National Security Adviser Michael Flynn (R) walks along the colonnade ahead of a joint press conference by Japanese Prime Minister Shinzo Abe and President Donald Trump at the White House in Washington, Feb. 10, 2017. Reuters

Michael Flynn, the national security adviser to President Donald Trump, may have lost the support of the White House as officials probed the retired lieutenant general's contacts with Moscow prior to last year's election, Reuters reported Monday.

Flynn, who Trump named in November would serve in his upcoming administration, was accused by a number of intelligence reports of having discussed with Russian Ambassador Sergey Kislyak the possibility of rolling back sanctions imposed by Trump's predecessor, former President Barack Obama, prior to Trump's election. Flynn had consistently denied the accusations, as did supporters such as Vice President Mike Pence, until Thursday, when he appeared to back away from his flat-out denials after unnamed officials asserted that the topic sanctions had, in fact, been raised in these discussions.

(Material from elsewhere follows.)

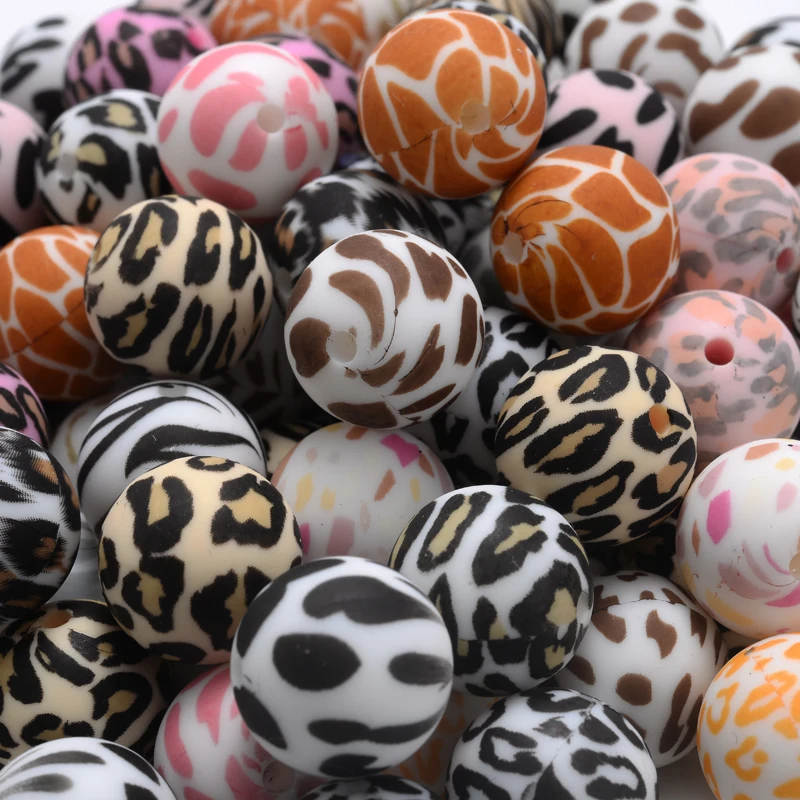Teething Toys Baby Teething Toys Silicone Teething Toys Silicone Beads Silicone Teething Beads Silicone Teether 15mm 10Pcs Leopard Print Round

After weeks of dismissing the claims, a spokesperson said Flynn “indicated that, while he had no recollection of discussing sanctions, he couldn’t be certain that the topic never came up,” according to The Washington Post. More unnamed White House officials have since been quoted by Reuters as saying that Flynn apologized to Pence over the incident, which may violate a U.S. law prohibiting civilians from affecting foreign policy. The sources also stated that Pence and White House Chief of Staff Reince Priebus were now taking the allegations against Flynn seriously.

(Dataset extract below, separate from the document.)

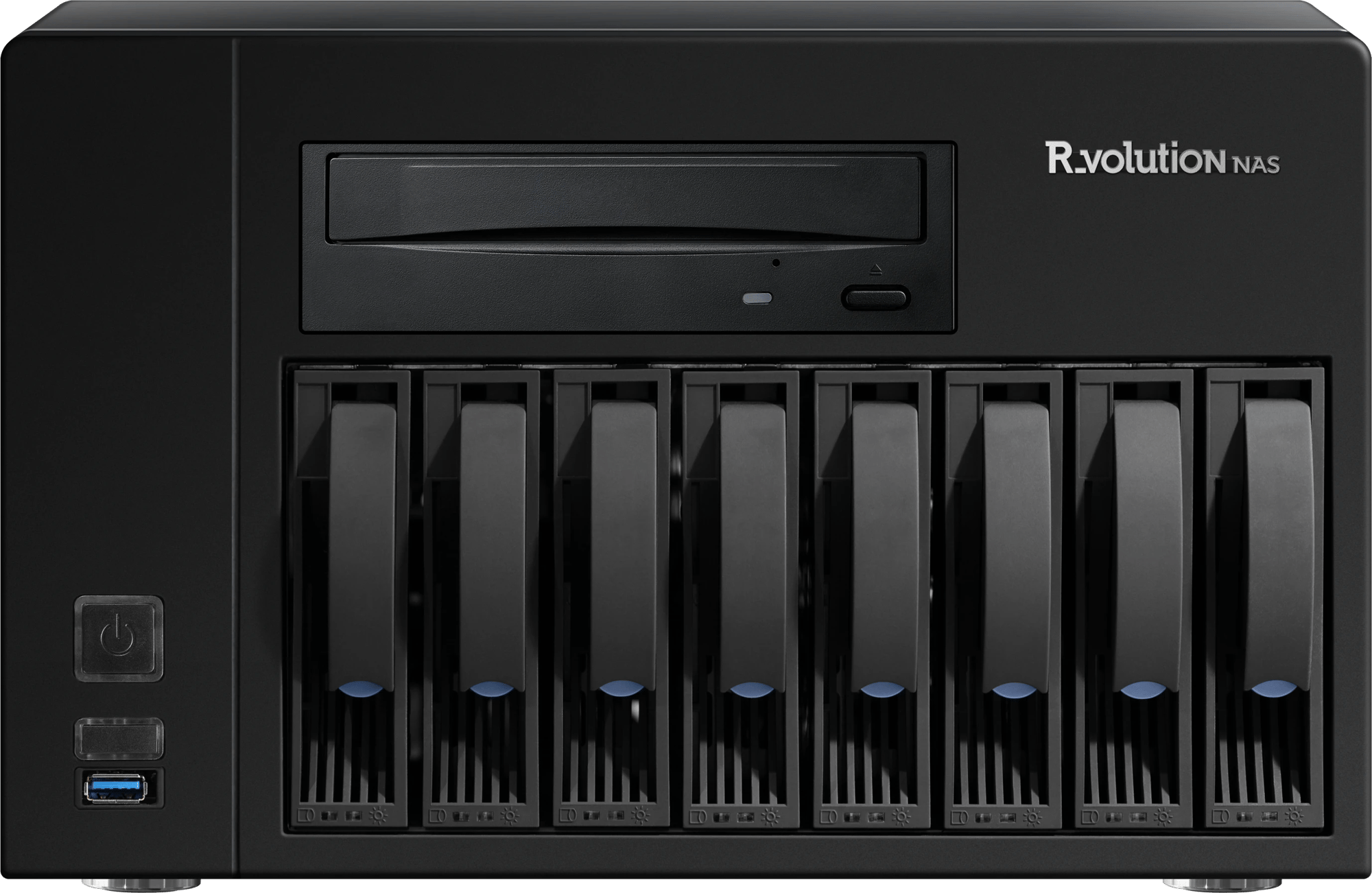 Frontansicht des R.volution NAS mit mehreren Laufwerksschächten und sichtbarem USB-Anschluss.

Trump has not directly commented on Flynn's case, but has said he would look into it. Trump himself has deflected accusations of ties to Russia, maintaining before and after the election that he has no personal or financial connections to Russia and that he was not involved in what the U.S. intelligence community said was a Moscow-sponsored campaign to influence the election by releasing compromising within Democratic Party officials' emails.
Trump and Russian President Vladimir Putin have pledged to forge closer ties between Washington and Moscow after relations hit a low point under the Obama administration. Obama opposed Putin on a number major foreign policy areas such as Russia's intervention in Ukraine and Syria. Trump has expressed support for Russia's foreign policy ambitions, however, he said "it’s very early to be talking about" rolling back Obama's sanctions in a press conference last month with U.K. Prime Minister Theresa May.